Sleningford Watermill 2018
Sleningford Watermill Caravan & Camping Park – History of The Watermill
At Sleningford Watermill there is a stone above the original front door of the Mill House on which the following verse, dated 1773, is inscribed:
O you that bathe in Lordly blysse
Or toil in fortunes giddy sphere
Do not too rashly deem amyss
Of him who bides contented here
However records show that a mill was on this site much earlier. A mill at Sleningford is mentioned in Abbey records in 1328, the name is thought to be derived from the old English word – Slea, meaning a grassy slope near a ford over a river.

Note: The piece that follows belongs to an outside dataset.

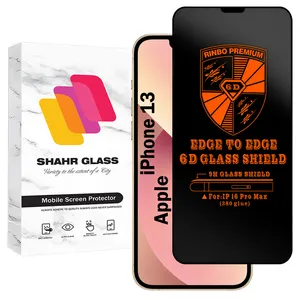 Shahr Glass RINBO200 Screen Protector For Apple iPhone 13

The Sleningford Estate was held at various periods by different families, but it is thought that the Dalton family built the current Mill House with the charming inscription.
At the time, the main mill block probably housed a wooden water wheel, with the present 15ft diameter by 5 ft wide cast iron water wheel probably being installed in the 1800s. This cast iron wheel was in regular use until about 1950. The “stakes” or the weir, an irregular barrier of rocks and stones built up and repaired many times over the centuries diverts the main glow towards the “clews” or sluice gates which could be raised to admit water to the mill stream thereby powering the water wheel, which in turn powered the grinding stones which ground wheat, corn and barley for local farmers. With the introduction of electrical power on the farms, demand for grinding diminished.
Sleningford Watermill opened as a caravan and camping park in 1973, exactly 200 years after the verse was inscribed over the Mill House door. We try very hard to preserve the sentiment of the verse and hope that all our visitors bide contented here, enjoying the tranquillity of its timeless beauty.